From 1782 to 1788, he studied at St. Raphael College in Montreal. By his own account, Mézière wrote, "a college entrusted to ignorant clerics was the tomb of my youthful years." In January 1788, he published his first poetry in The Montreal Gazette, a journal founded by Fleury Mesplet.

In 1791, Resplet published an account of a meeting of young men who celebrated the Constitutional Act 1791 with revolutionary toasts. In the following year, Mézière felt that the situation in Montreal was untenable for him and in May 1793 he left for the United States. After passing through New York, he reached Philadelphia and got in touch with Edmond-Charles Genet, ambassador of the French First Republic. Since it declared war on Great Britain on February 1, France sought to foment rebellion amongst the population of Upper Canada and Lower Canada against the British colonial government.

In June, Mézière submitted a text entitled "Comment on the current state of Canada and on the political dispositions of its inhabitants", in which it stated that British troops are spread thin across a 200-mile frontier but that for the Canadian population to rise up against the British authorities they would need the help of France. The embassy then instructed him to open a reliable correspondence with Canada from the United States and to distribute "patriotic papers, songs, convention ballots and an address prepared by the Embassy and entitled "French free to their brothers the Canadians". He was paid 1200 livres and instructed to return to Montreal with assorted pamphlets and propaganda material. He travelled to Lake Champlain where he enlisted the help of an agent, Jacques Rous, who went to Montreal in September 1793 but received little support even from his Meziere's radical friends. Rous may have been a double agent because the colonial authorities became aware of Mézière's presence. Rous reported back that Quebec was ripe for capture and that there were no naval assets to protect Lower Canada.

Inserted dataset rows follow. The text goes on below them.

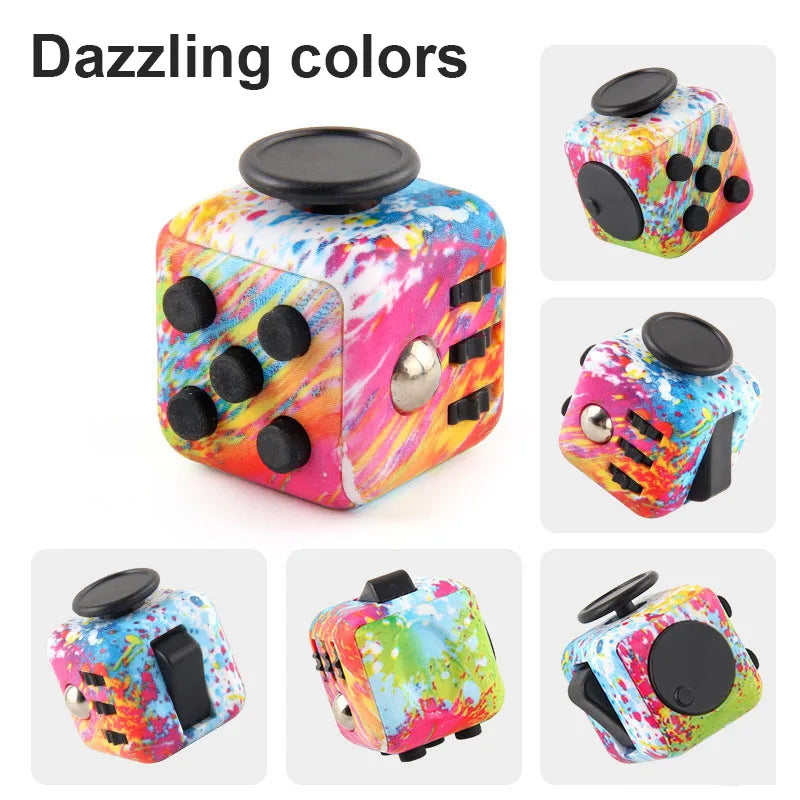Juguetes Antiestrés Fidget para Niños y Adultos – Sensory Toys Anti Estrés | Juguetes de Relajación, Oficina y Regalo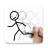 icon Stickman: Draw animation(Çöp Adam: çizim animasyonu yapımcısı) 5.1.7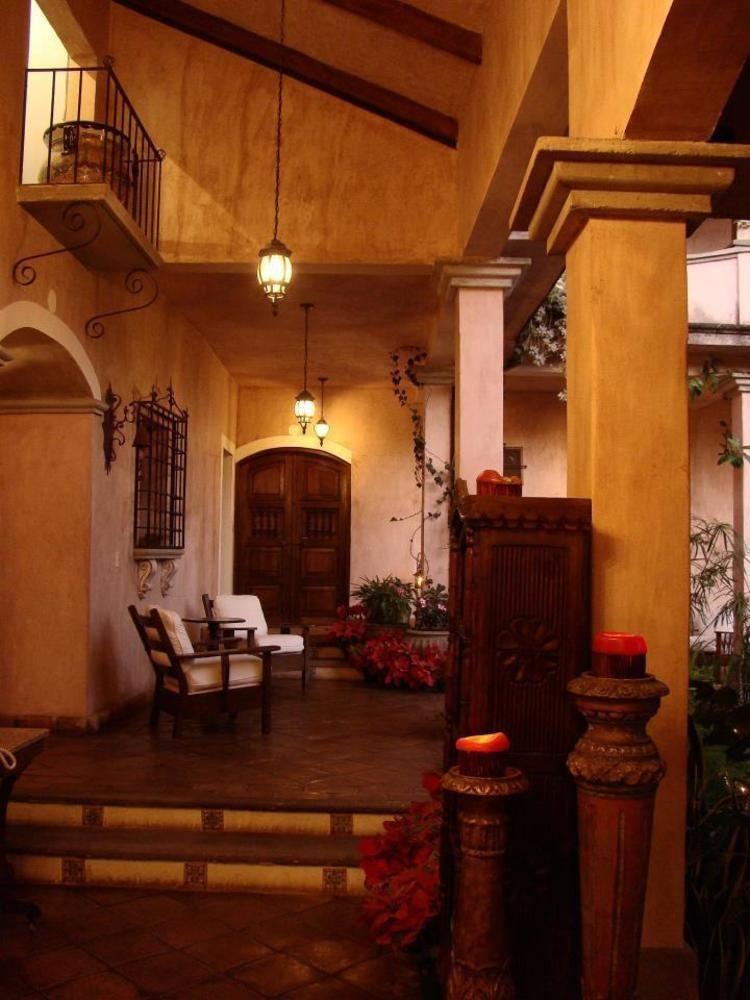 コパン La Casa Rosada Bed & Breakfast エクステリア 写真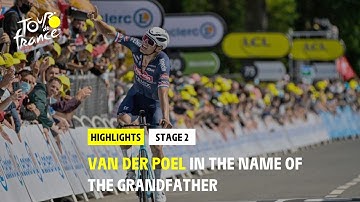 Highlights - Stage 2 - #TDF2021
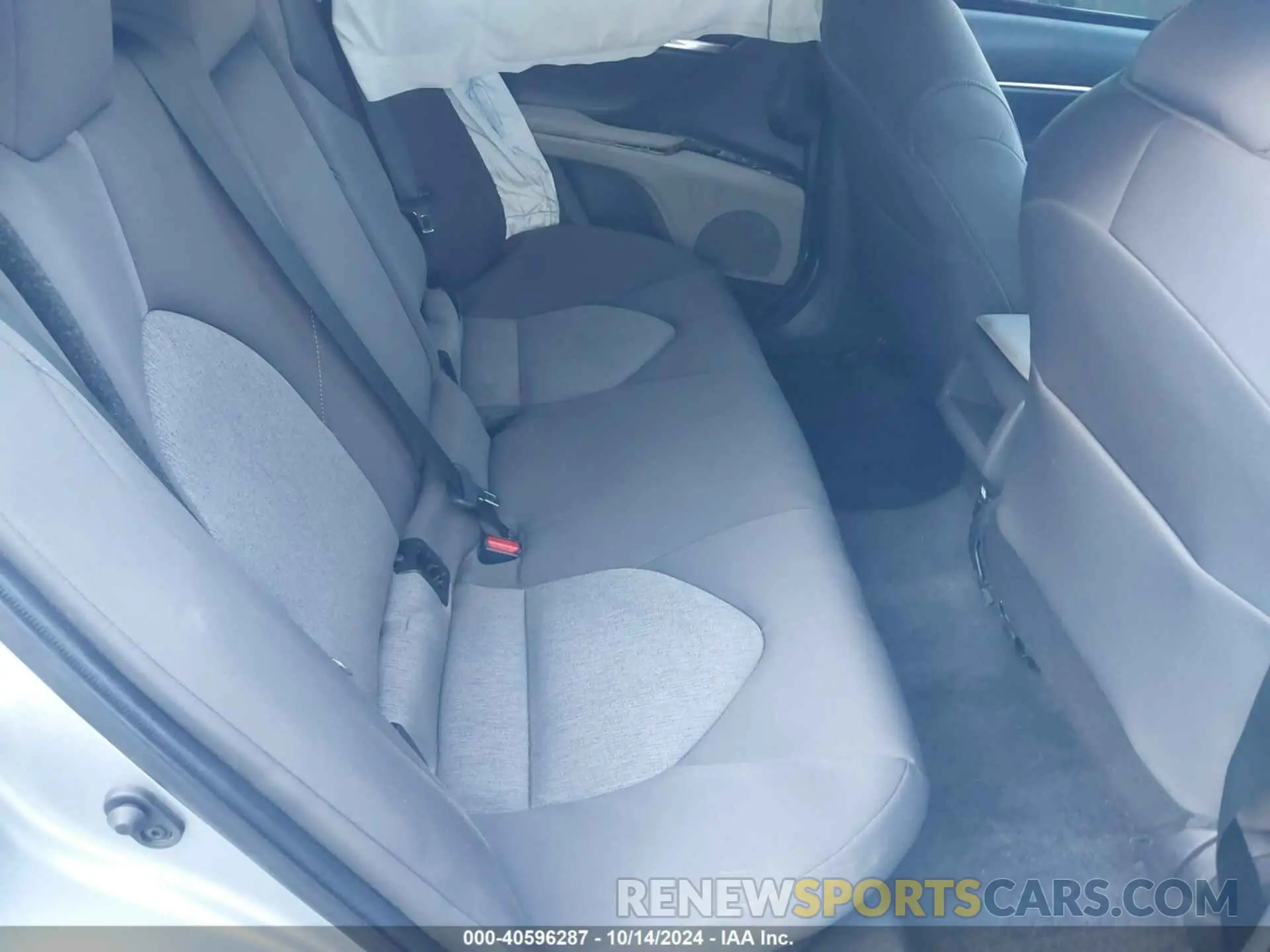 8 Photograph of a damaged car 4T1C31AK2PU608644 TOYOTA CAMRY 2023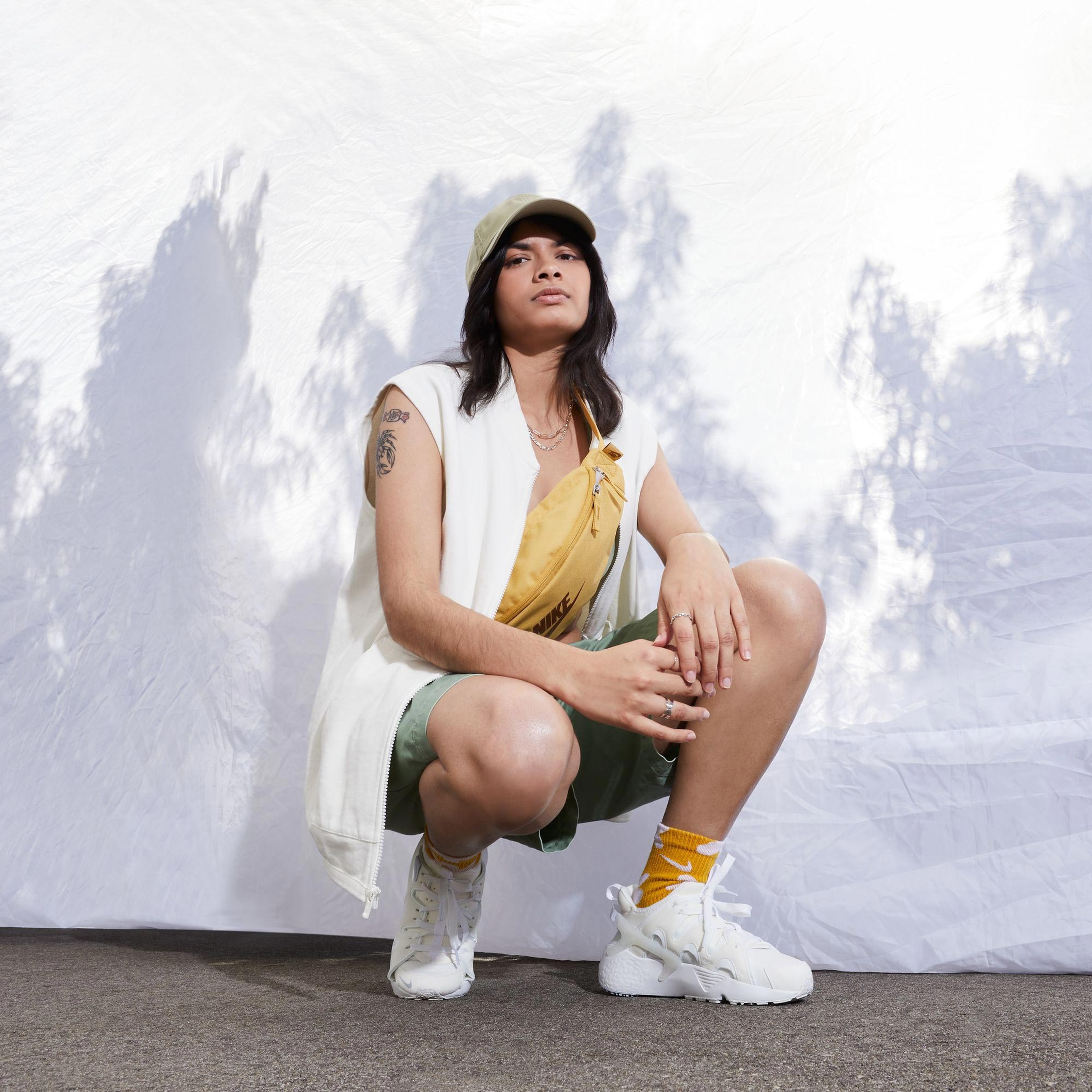 Nike Air Huarache Craft Kadın Krem Spor Ayakkabı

After accomplishing this mission, he was designated a "political agent" and took part in a military operation against Halifax. L'Eole, a French ship under the command of Rear-Admiral Sercey, was unable to accomplish its mission, which was abandoned. The ship, with Mézière still on board, finally crossed the Atlantic and docked at Brest on November 2, 1793.

On January 4, 1794, he submitted a memoir on the situation of Canada and the United States to Jean Dalbarade, then Minister of the Navy. He was imprisoned briefly due to mistaken identity after which he found a job as a civil servant in the city of Bordeaux.

He left France for New York following the Restoration of 1816. He survived by teaching French and with the help of his sisters and his friend Louis-Charles Foucher, he returned to Montreal on September 3. He signed a declaration of repentance for his collaboration with France and swore fidelity to the British crown before justice of the peace Jean-Marie Mondelet.

In February 1817, he became co-owner of the newspaper Le Spectateur canadien with Charles-Bernard Pasteuret. Mézière left the newspaper following a disagreement with his partner.

On August 1, 1818, he began to publish a bi-monthly newspaper, L'Abeille canadienne (The Canadian Bee), which mainly covered the content of French periodicals, among others La Ruche d'Aquitaine. Meziere wrote only a few articles as well as the prospectus. The paper lasted only six months until January 15, 1819. Mézière returned to France after his wife inherited land and income and he did not return to America. He died in 1846, in Bordeaux, France.

==Publications==
- L'Abeille canadienne (The Canadian Bee), 1818–1819, 12 issues.